Barbara Adair – Researcher and Writer

WHAT HAPPENED? WHAT HAPPENED? TELL ME WHAT HAPPENED.

by on Aug.17, 2018, under Legacy Project

THE STORY OF SYLVESTRE 

“To remember is to allow the past to move into the future and to shape its course”

Elie Wiessel

PROLOGUE

My name is Sylveste.

I am thirty eight years old.

I am a Rwandan.

I am a member of the Tutsi tribe; this tribe makes up about 15% of the Rwandan people, the rest of the population are either from the Hutu tribe, this group makes up 85% of the country, and the Twa, a very small pygmy group.

I am a survivor of the Rwandan genocide of 1994, the massacre of Tutsi people by Hutu people.

Why do I want to tell this story?

I tell this story because, for me, it is the way I am identified; I am someone with a name, I am not just another survivor, another victim.

I believe that if my memories are taken away from me, then I will be no-one. This story is my memory; it will be there after I am dead.

But I also need to tell this story because for me to remember is to show that I care, and that I mourn for all of those who were killed in the genocide of 1994. If this story is not told the killings will happen again, and it cannot happen again. My children must know that it cannot happen again.

IN THE BEGINNING

‘Come inside Sylvestre, you are the man, the small man in this house, now come in, you do not have to attend to your coffee plants all the time’, my mother called to me.

I was twelve years old, or I think that I was twelve years old. I lived in a small rural village in the north of Rwanda which was destroyed in the 1994 genocide. There was no documentation left after this, the genocide took away anything that could tell who I was, how old I was, the genocide took away my life, and my father’s life, and my mother’s. All that I know is that I was born in 1980.

I had a young boy’s body, a young boy’s energy, the energy of a young man. My father used to call me ‘Kagabo’, this means small man in Kinyarwanda, the Rwandan language. I was proud then because my father, by calling me this, was praising me. It showed me that my father, although he was very strict with me and all my siblings, and even with my mother, that he trusted me. I was not old in years, but I was old enough to be trusted.
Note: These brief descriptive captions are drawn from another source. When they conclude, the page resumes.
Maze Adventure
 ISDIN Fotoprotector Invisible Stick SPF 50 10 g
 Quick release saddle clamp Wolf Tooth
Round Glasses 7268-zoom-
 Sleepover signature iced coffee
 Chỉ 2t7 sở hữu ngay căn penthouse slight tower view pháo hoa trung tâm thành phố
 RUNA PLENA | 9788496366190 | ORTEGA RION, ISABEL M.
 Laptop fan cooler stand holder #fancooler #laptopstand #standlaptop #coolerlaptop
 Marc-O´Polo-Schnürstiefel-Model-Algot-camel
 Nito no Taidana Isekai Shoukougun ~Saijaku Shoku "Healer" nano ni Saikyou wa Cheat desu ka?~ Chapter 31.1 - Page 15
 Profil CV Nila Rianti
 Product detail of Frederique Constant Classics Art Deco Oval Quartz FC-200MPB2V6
‘Come Kagabo, come. Here is a small piece of land, it is yours. I want you to grow coffee on it. I want you to grow it so that there are many berries that you can pick, many berries that we can then roast and then drink. It is yours. Show me what you can do with it’, my father told me.

Do you know the coffee bean? It grows on a small tree, or maybe it is called a bush. It starts off red and then when it is picked it becomes green. The green bean is then roasted, sometimes for a long time, this makes the coffee bitter and strong, and the bean will be very dark, other times for a shorter time, now you can taste the flavour of the bean. The coffee that grows in Rwanda is very well known. The coffee that we drink here today, the coffee that the café here at the Holocaust Centre prepares, it is Rwandan.

But yes, of course I had other tasks, but this task where I grew my own coffee on my own little piece of the land I never became tired of, it was mine.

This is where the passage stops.